When April 25, 2012, rolled around, Gillespie pulled in to this “scrubby stand” of rye and planted green — and didn’t terminate the cover crop until May 19. “Some of the rye was headed out, but the beans underneath there were doing fine. It was amazing how that little bean plant just adapted to that environment,” he says.
And they continued to flourish; the yield monitor that fall confirmed that this experiment was a success. “It was the first year that I had combined 100-bushel beans,” Gillespie says. “Not field average, but the first time that I had seen the monitor hit 95, 100, 105 bushels an acre. That told me I was doing something right. From that year on, I decided that there would be a cover crop after corn as well as after beans, a continuous cover cropping system to keep the soil alive as much as possible.”
Boost organic matter
There also are numbers that show how the soil has changed through the years as Gillespie transitioned to no-till and cover crops. He has an amazing track record of success in building soil organic matter.
“That started when I participated in a program sponsored by the Lower Elkhorn Natural Resources District,” Gillespie says. “It was a no-till incentive program. For five years, beginning in 1999, they monitored a number of things such as organic matter, pH, and cation-exchange capacity as well as nitrogen, phosphorus, potassium, sulfur, and zinc. I liked watching what was happening in the soils, so I have paid for that program since then.”
The result is a long-term progress report with data through 2018. It shows that implementing continuous no-till started to improve the soil organic matter slowly, around 0.05% per year from 1999 to 2005. In 2006, when he started drilling cereal rye into the soybean stubble, the rate of improvement accelerates, closer to a full 0.1% per year. And, after the integration of continuous cover crops beginning in 2013, the rate of soil organic matter improvement is at 0.15% to 0.2% per year. “If I had livestock to integrate, I’m sure I could be doing some really crazy good things out there,” he adds.

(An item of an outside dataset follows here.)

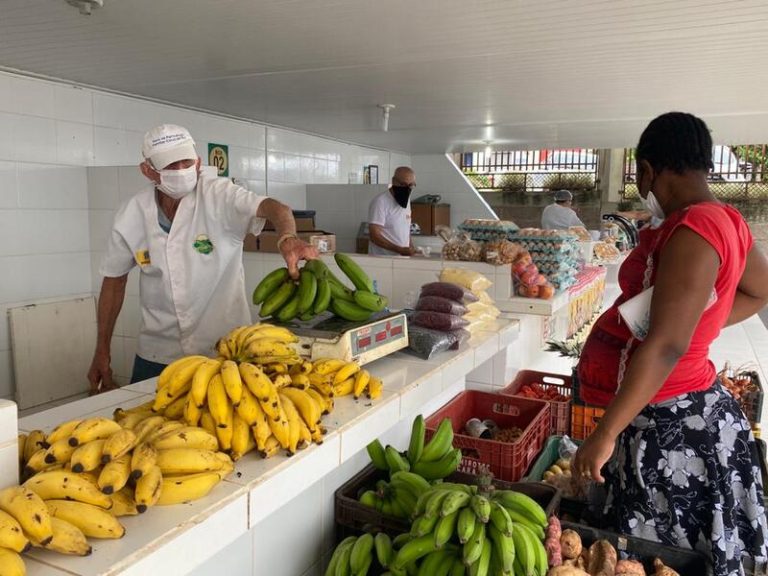 Cocal do Sul: feira deste sábado celebra o rock e produtos fresquinhos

The improvements in soil health have led to tangible benefits, such as improved water-holding capacity. Gillespie uses telemetry units along with Watermark soil sensors to drive his irrigation management, and the combination of better soils and refined water-use techniques has resulted in impressive irrigation performance. He uses less than 4 inches of water to produce a corn crop in a normal year, and only slightly more than 3.5 inches for the soybean crop.
Learning and sharing
Through the years, Gillespie has been willing to spread the message about conservation and share his experiences. He has been “Dan the Tree Man” in his hometown of Battle Creek, speaking about conservation while offering a hands-on lesson to elementary students in how to plant tree seeds. He also works with farmers in his “day job,” working as a no-till specialist for the Natural Resources Conservation Service, and has given speeches and demonstrations at many conferences and gatherings.
“Maybe I have been some kind of change agent,” Gillespie reflects. “Protecting soil and building soil health makes me feel good. There are a lot of new technologies now that help us do things in a different way, and I’m proud to be part of that group of people trying some new things.”